34. Açıklanan nedenlerle, Anayasa’nın 36. maddesinde güvence altına alınan adil yargılanma hakkı kapsamında mahkemeye erişim hakkının ihlal edildiğine karar verilmesi gerekir.

3. 6216 Sayılı Kanun'un 50. Maddesi Yönünden

35. 30/3/2011 tarihli ve 6216 sayılı Anayasa Mahkemesinin Kuruluşu ve Yargılama Usulleri Hakkında Kanun’un 50. maddesinin (1) ve (2) numaralı fıkraları şöyledir:

“(1) Esas inceleme sonunda, başvurucunun hakkının ihlal edildiğine ya da edilmediğine karar verilir. İhlal kararı verilmesi hâlinde ihlalin ve sonuçlarının ortadan kaldırılması için yapılması gerekenlere hükmedilir. …

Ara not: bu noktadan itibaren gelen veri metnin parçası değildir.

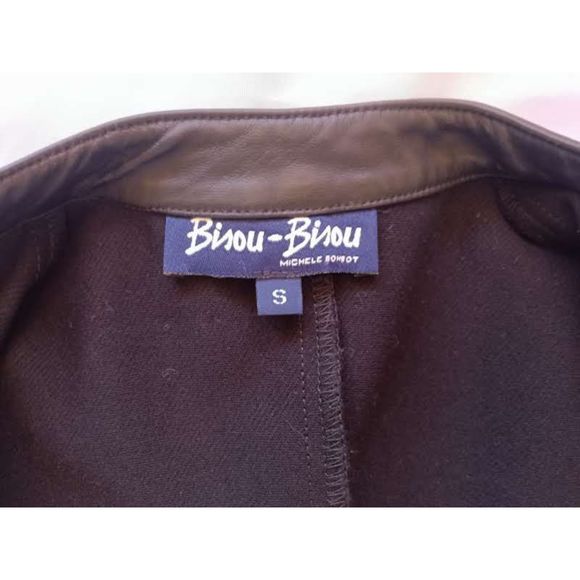 Bisou Bisou 90s Y2K Mod Faux Leather Top Sleeveless Snap Button High Neck Small - Picture 10 of 10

(2) Tespit edilen ihlal bir mahkeme kararından kaynaklanmışsa, ihlali ve sonuçlarını ortadan kaldırmak için yeniden yargılama yapmak üzere dosya ilgili mahkemeye gönderilir. Yeniden yargılama yapılmasında hukuki yarar bulunmayan hâllerde başvurucu lehine tazminata hükmedilebilir veya genel mahkemelerde dava açılması yolu gösterilebilir. Yeniden yargılama yapmakla yükümlü mahkeme, Anayasa Mahkemesinin ihlal kararında açıkladığı ihlali ve sonuçlarını ortadan kaldıracak şekilde mümkünse dosya üzerinden karar verir.”

36. Başvurucu yargılamanın yenilenmesi ve tazminat taleplerinde bulunmuştur.

37. Adil yargılanma hakkı kapsamında mahkemeye erişim hakkının ihlal edildiği sonucuna varılmıştır.

38. Mahkemeye erişim hakkının ihlalinin sonuçlarının ortadan kaldırılması için yeniden yargılamasında hukuki yarar bulunduğundan kararın bir örneğinin yeniden yargılama yapılmak üzere İstanbul 4. İdare Mahkemesi gönderilmesine karar verilmesi gerekir.

39. Dosyadaki belgelerden tespit edilen 206,10 TL harç ve 1.800 TL vekâlet ücretinden oluşan toplam 2.006,10 TL yargılama giderinin başvurucuya ödenmesine karar verilmesi gerekir.

V. HÜKÜM

Açıklanan gerekçelerle;

A. Adil yargılanma hakkının ihlal edildiğine ilişkin iddianın KABUL EDİLEBİLİR OLDUĞUNA,

B. Anayasa’nın 36. maddesinde güvence altına alınan adil yargılanma hakkının İHLAL EDİLDİĞİNE,

C. Kararın bir örneğinin adil yargılanma hakkının ihlalinin sonuçlarının ortadan kaldırılması için yeniden yargılama yapılmak üzere İstanbul 4. İdare Mahkemesine GÖNDERİLMESİNE,

D. 206,10 TL harç ve 1.800 TL vekâlet ücretinden oluşan toplam 2.006,10 TL yargılama giderinin BAŞVURUCUYA ÖDENMESİNE,

E. Ödemenin, kararın tebliğini takiben başvurucunun Maliye Bakanlığına başvuru tarihinden itibaren dört ay içinde yapılmasına, ödemede gecikme olması hâlinde bu sürenin sona erdiği tarihten ödeme tarihine kadar geçen süre için yasal FAİZ UYGULANMASINA,

F. Kararın bir örneğinin bilgi için Danıştay İkinci Dairesi Başkanlığına GÖNDERİLMESİNE,

G. Kararın bir örneğinin Adalet Bakanlığına GÖNDERİLMESİNE 28/9/2016 tarihinde OYBİRLİĞİYLE karar verildi.